Pictures with short captions
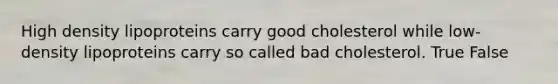 High density lipoproteins carry good cholesterol while low-density lipoproteins carry so called bad cholesterol. True False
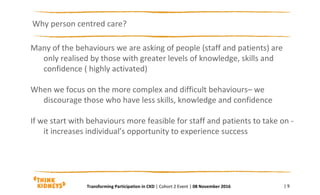 Many of the behaviours we are asking of people (staff and patients) are
only realised by those with greater levels of knowledge, skills and
confidence ( highly activated)
When we focus on the more complex and difficult behaviours– we
discourage those who have less skills, knowledge and confidence
If we start with behaviours more feasible for staff and patients to take on -
it increases individual’s opportunity to experience success
Why person centred care?
| 9Transforming Participation in CKD | Cohort 2 Event | 08 November 2016
 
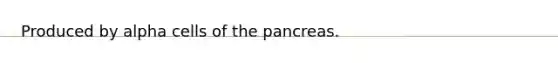 Produced by alpha cells of the pancreas.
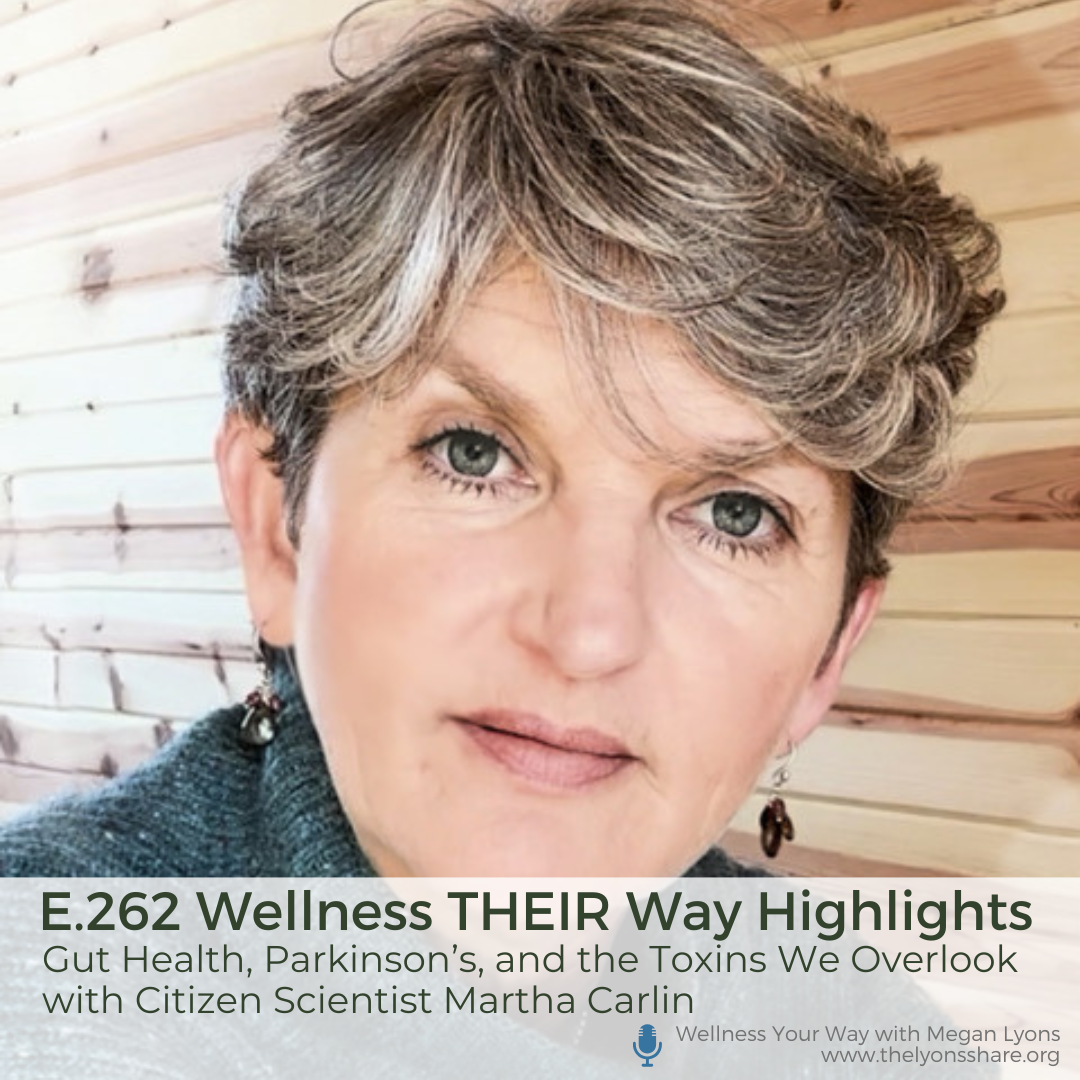 Gut Health, Parkinson’s, and the Toxins We Overlook with Citizen Scientist Martha Carlin Gut Health, Parkinson’s, and the Toxins We Overlook with Citizen Scientist Martha Carlin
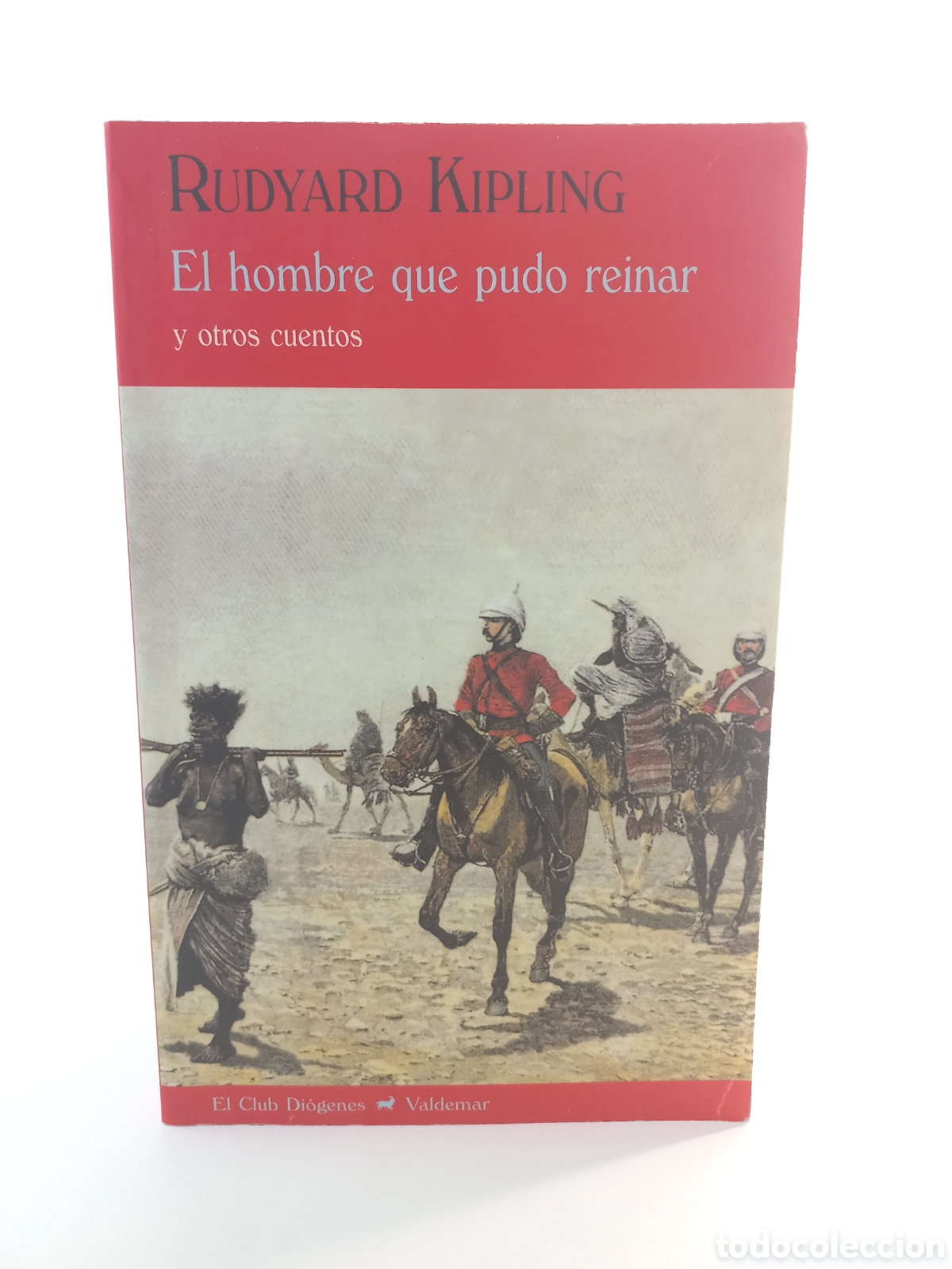 Libros de segunda mano: El hombre que pudo reinar y otros cuentos. Rudyard Kipling. Valdemar, Diogenes, 2009.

### GOAL OF THE EXERCISE
Where does the word "knowledge" appear in the records above? Return every line that holds it.

### YOUR SOLUTION
only realised by those with greater levels of knowledge, skills and
discourage those who have less skills, knowledge and confidence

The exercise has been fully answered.